Comment parler des camps ? Peut-on penser les génocides aujourd'hui ? L'institution des «devoirs de mémoire» cache une culture polémique qui dénie ou hiérarchise les souffrances, pendant que se succèdent de nouveaux crimes de massé. Mais quelle place ces destructions laissent-elles à l'imagination de l'humain, là où le réalisme montre sa déroute ? Peuvent-elles s'inscrire dans la «culture» sans nouvelle «barbarie», et faire l'objet d'une vivante transmission ?
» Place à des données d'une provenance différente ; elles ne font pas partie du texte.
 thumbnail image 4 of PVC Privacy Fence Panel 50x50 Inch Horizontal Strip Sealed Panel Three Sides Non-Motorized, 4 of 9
Pour tenter de répondre à ces questions, trente-trois chercheurs - aussi différents que Janine Altounian, Omer Bartov, Jean Bollack, Alain Brossat, Muhamedin Kullashi, Véronique Nahoum-Grappe, Myriam Revault d'Allonnes, Tzvetan Todorov, Enzo Traverso, Irving Wohlfarth... - se sont prêtés à un échange intercommunautaire et transdisciplinaire lors d'un colloque qui s'est tenu à la Sorbonne en mai 1997.
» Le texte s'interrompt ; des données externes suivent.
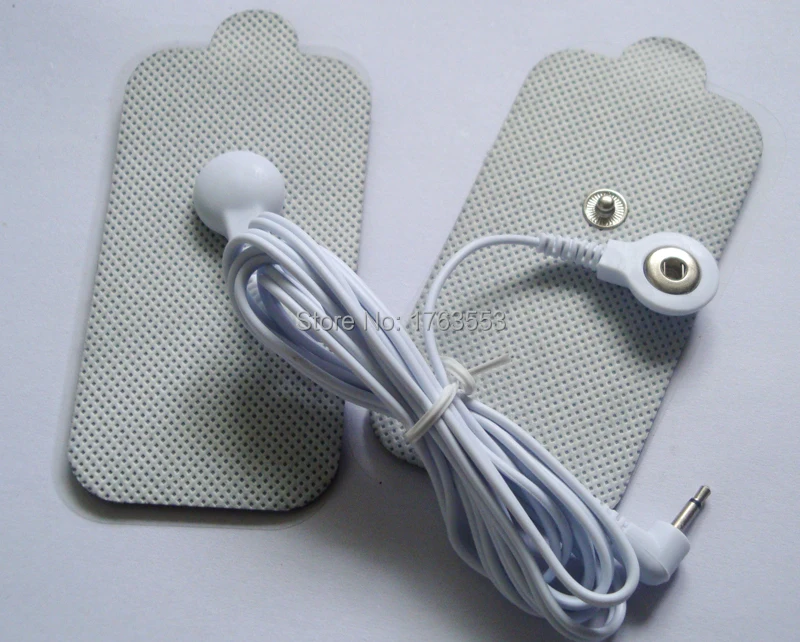 10pairs/lot non-woven rectangle 9*5CM Snap massage pad for TENS/ EMS unit mini massager |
Né de la volonté de mettre en présence les champs cloisonnés de l'historiographie et du témoignage littéraire, la conscience européenne et ses points aveugles, et d'échapper ainsi à la logique binaire qui oppose l'Universel au Particulier, le «savoir» objectif à l'«expérience» subjective, le présent recueil met en relation le décryptage d'événements récents (Rwanda, ex-Yougoslavie, Algérie) ou mal connus (génocide cambodgien, famine planifiée en Ukraine) avec l'héritage d'événements plus anciens (génocide arménien, génocide juif). La phénoménologie des violences politiques y conduit à une interrogation sur l'humain.